Tin Man Syndrome: Avoiding the “Shock” and Keeping Pace with a Maternal Implantable Cardioverter Defibrillator Pacemaker and Neonatal Tetrology
Article first published online: 14 JUN 2012
© 2012 AWHONN, the Association of Women's Health, Obstetric and Neonatal Nurses
Journal of Obstetric, Gynecologic, & Neonatal Nursing
Special Issue: 2012 Convention Proceedings
Volume 41, Issue s1, page S175, June 2012
How to Cite
Beckwith, K. M. (2012), Tin Man Syndrome: Avoiding the “Shock” and Keeping Pace with a Maternal Implantable Cardioverter Defibrillator Pacemaker and Neonatal Tetrology. Journal of Obstetric, Gynecologic, & Neonatal Nursing, 41: S175. doi: 10.1111/j.1552-6909.2012.01363_21.x
- Issue published online: 14 JUN 2012
- Article first published online: 14 JUN 2012
- Tin Man;
- tetrology of fallot;
- pregnancy and cardiac anomalies
Cardiac disease occurs in approximately 1% of all pregnancies. Tin Man syndrome, though rare, is a disorder encompassing physical and/or electrophysiological cardiac mutations that may present at any time in life. Historically, women with cardiac anomalies were discouraged from pregnancy. While medical advancements have increased the possibility of pregnancy in this population, they may also be minimizing the perception of risk and severity of complications for the mother and infant. This presentation will cover the challenges of dealing with the multidisciplinary care of a pregnant woman with an implantable cardioverter defibrillator ICD pacemaker and neonate with Tetrology of Fallot.
A 41-year-old gravida 7, para 3 with a rare genetic disorder causing cardiac anomalies, NKX2.5 (otherwise known as the “Tin Man” gene), began prenatal care at 16 weeks for an unplanned pregnancy with unknown last menstrual period. Maternal complications of pregnancy included severe itching due to cholestasis, vaginal bleeding, and suspected chronic abruption.
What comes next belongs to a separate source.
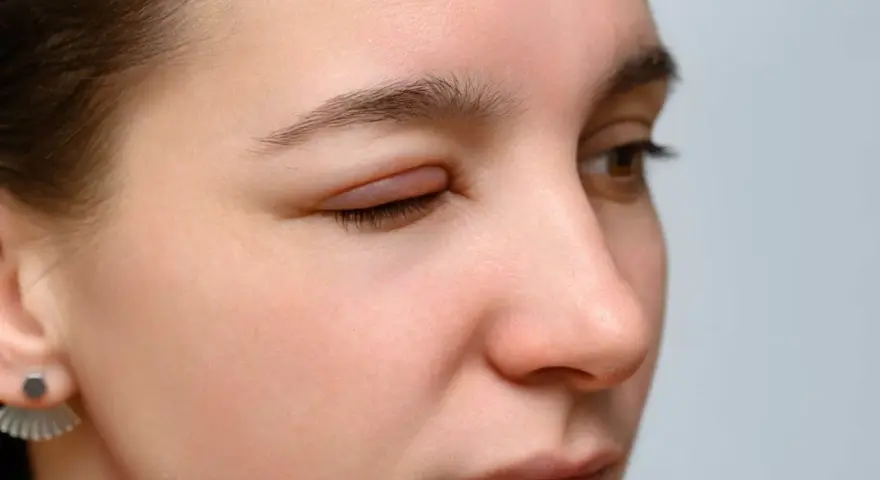 Occhi rossi e gonfi, forse per una reazione allergica. La palpebra è visibilmente gonfia e irritata.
A fetal echocardiogram at 24 weeks confirmed Tetrology of Fallot with pericardial effusions. She was hospitalized for vaginal bleeding at 32 weeks and again at 33 to 36 weeks gestation for vaginal bleeding, which raised suspicions of chronic abruption. The patient was challenged by several test findings and she struggled to trust herself as well as care givers. The strong family history of varied cardiac anomalies increased her anxiety. Several social factors, marital discord, family dynamics, financial stress, and spiritual distress presented unique challenges far exceeding the difficulty of her physical management. The need for a holistic approach to care for this patient and her family became evident as well as the educational needs of the staff caring for this family.
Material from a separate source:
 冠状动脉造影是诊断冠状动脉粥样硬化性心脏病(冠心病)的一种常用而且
Regardless of specialty, nurses must be aware of developing trends in all fields as multifactorial complications present themselves in complex patients. Both maternal and neonatal complications may be compounded by the physiological alterations and risks innate to pregnancy. As a trusted resource and advocate, nurses must take a holistic approach to care by identifying and providing the necessary resources. The collaboration of varied services and medical specialties was necessary to provide consistent care, comfort and reassurance for this patient and her family. The teamwork inspired staff to brainstorm and debrief, resulting trust among caregivers and the patient and providing the basis for safe, compassionate care.